The assaultive red and orange squares in the first one fill me with a sort of creeping existential panic, while the peaceful blues and greens in the second one makes me feel like I’ve got everything pretty well under control. One day (one day!) I’ll have my entire nine-goal grid filled with green, and I’ll be on top of the freaking world.

This is the main reason why I have a hard-and-fast rule that I can never have any more or fewer than nine goals at a time. I find it pretty easy to justify losing $5 or even $10; I have a strong rationalization system, and my brain is all too good at chalking it up to “petty cash” and not thinking any more about it. (See also why I’m so vulnerable to exploitative in-app purchase games like Cookie Jam, but that’s another story…) $30 is definitely more motivating, and I’ve never yet lost $90, which is almost unthinkable to me (I’d be really, really, really mad at myself if I failed a $90 goal), but for goals that aren’t such high stakes, I’d rather keep wagering $5 or $10 at a time than let them go up to $30 and $90, teetering on the brink every day. That amount makes me really anxious and tempted to scrap the whole thing. But knowing that eating that doughnut will mean I’ll
have a red square in my grid all day… That’s seriously unpleasant enough that it’s kept me from doing it, many, many times.

On the other hand, if I had the option to pay $5 or something to forfeit my goal immediately instead of at the end of the day and bounce instantly back to blue, I know for a fact I’d pay it. If there’s anyone else like me out there, it might be an additional source of revenue for Beeminder. On the other hand, it means taking the easy way out (paying the money instead of suffering through the day in the red), so maybe that’s inherently akratic.

What do you all think? Am I alone in this?

7 Likes

You’re certainly not alone.

I burned out on Beeminder last year because I kept oscillating between 1) losing small amounts of money frequently and 2) making my goals really easy out of fear of losing big bucks.

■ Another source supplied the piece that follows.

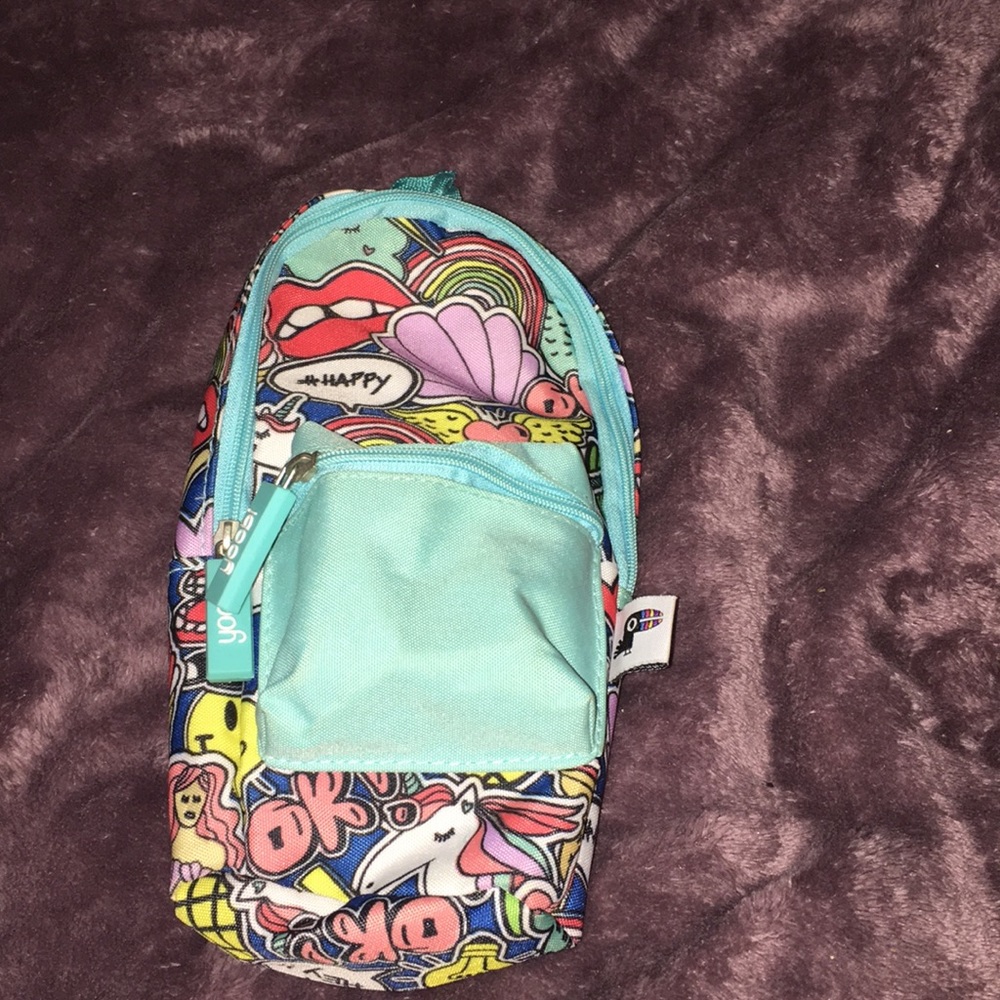 i’m selling a mini bag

I’ll try to craft a more thorough reply later, but I wanted to reply briefly now.

4 Likes

absolutely agree. i even made a goal to get as many goals into the blue as i can twice a week. orange is the new red.

i think i take eep days more seriously now that there aren’t 10 of them happening at once. before, i’d put in minimum effort to keep everything afloat (and then they’d all be red again tomorrow). now, if i have an eep day on my coursera goal, i’ll sit down with it for 45min and actually pay attention to the materials, because i’m not stressed about fixing 9 other eeps before bedtime.

of course, it may just be that i’ve finally got my current goals in a good place where i can actually handle them all without sinking :slight_smile:

5 Likes

I automated something along these lines a while ago - I had a beeminder goal about getting a certain amount of buffer on other beeminder goals. Any goal with < n days left at the end of the day counted for 1 point and I had a do less goal for total points.

I found this worked great until it didn’t. I think it was really dependent on how achievable my goals were - when they were relatively easy this was a good strategy but when they became harder it ended up exacerbating that.

3 Likes

Yes, and I’m such a sucker for this tactic that seeing little red dots on my Quora and Facebook phone icons almost compels me to go clear the new notifications. It’s like the old wives tale about bulls seeing red, but with humans, and instead of charging, it’s procrastinating.

3 Likes

I’ve turned off the icon badges on almost everything on my phone, or switched the count to be VIPs-only where that’s possible. It’s ridiculously enticing, a powerful focusing device that we should try to hijack for our own purposes.

PS: for iOS users, that’s mostly configurable in Settings under Notifications.